Maven Imported 1.12 Million Fediverse Posts

Sean Tilley@lemmy.world · 9 months ago

Maven Imported 1.12 Million Fediverse Posts

lunarul@lemmy.world · 9 months ago

I was confused why a package manager would need to import posts from a social network.

Why name a new product the same as a very popular existing product?

GBU_28@lemm.ee · 9 months ago

I mean maven is super bloated so it wouldn’t surprise me

verstra@programming.dev · 9 months ago

Oh shit, the persona guy was right! We should all be adding license to our comments, so could not legally train model that are then used for commercial purposes.

GBU_28@lemm.ee · 9 months ago

Lol that shit don’t do shit

Pennomi@lemmy.world · 9 months ago

The easiest way is a sitewide NoAI meta tag, since it’s the current standard. Researchers are much more likely to respect a common standard and extremely unlikely to respect a single user’s personal solution adding a link to their comments.

iAvicenna@lemmy.world · 9 months ago

I feel like the bad thing about this is, whereas the researchers will mostly respect this, companies who want to make money out of data will still secretly keep using the data anyways. I am more ok with the data being used for non-profit research and not for making money but this would likely have the opposite effect.

Pennomi@lemmy.world · 9 months ago

If that’s truly the case, nothing on earth can protect your data.

That being said, large corporations are far more liable to consumer protection lawsuits, especially in areas like the EU.

iAvicenna@lemmy.world · 9 months ago

They also have enough lawyer power to find loop holes

onlinepersona@programming.dev · 9 months ago

It’s especially for these kinds of dumb cases where they simply copy content wholesale and boast about it. With more people licencing their contents as non commercial, the “hot water” these companies get in could not just be trivial but actually legal.

Would be great if web and mobile clients supported signatures or a “licence” field from which signatures were generated. Even better would be if people smarter than me added a feature to poison AI training data. This could also be done by a signature or some other method.

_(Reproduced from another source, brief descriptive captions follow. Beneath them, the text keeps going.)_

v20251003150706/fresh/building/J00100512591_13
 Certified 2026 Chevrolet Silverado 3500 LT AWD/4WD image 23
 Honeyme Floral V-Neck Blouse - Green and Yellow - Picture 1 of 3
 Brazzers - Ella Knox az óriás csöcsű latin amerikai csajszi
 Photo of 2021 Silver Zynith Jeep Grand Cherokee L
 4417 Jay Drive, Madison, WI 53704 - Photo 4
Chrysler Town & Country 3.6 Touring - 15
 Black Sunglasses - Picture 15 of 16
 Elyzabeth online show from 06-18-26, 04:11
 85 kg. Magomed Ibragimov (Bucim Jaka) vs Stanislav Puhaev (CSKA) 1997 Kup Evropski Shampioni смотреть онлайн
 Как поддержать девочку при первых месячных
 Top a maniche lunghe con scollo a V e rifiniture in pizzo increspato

Anti Commercial-AI license

Larry@lemmy.world · 9 months ago

Am I misunderstanding this, or did they just fuck up the integration so it’s one way with a plan to make it two ways after, and the AI alteration is just sentiment analysis on whatever they took?

Sean Tilley@lemmy.world · 9 months ago

They kind of fucked up everything in approaching this by not talking to the community and collecting feedback, making dumb assumptions in how the integration was supposed to work, leaking private posts, running everything through their AI system, and neglecting to represent the remote content as having came from anywhere else.

The other thing is that Maven’s whole concept is training an AI over and over again on the platform’s posts. Ostensibly, this could mean that a lot of Fediverse content ended up in the training data.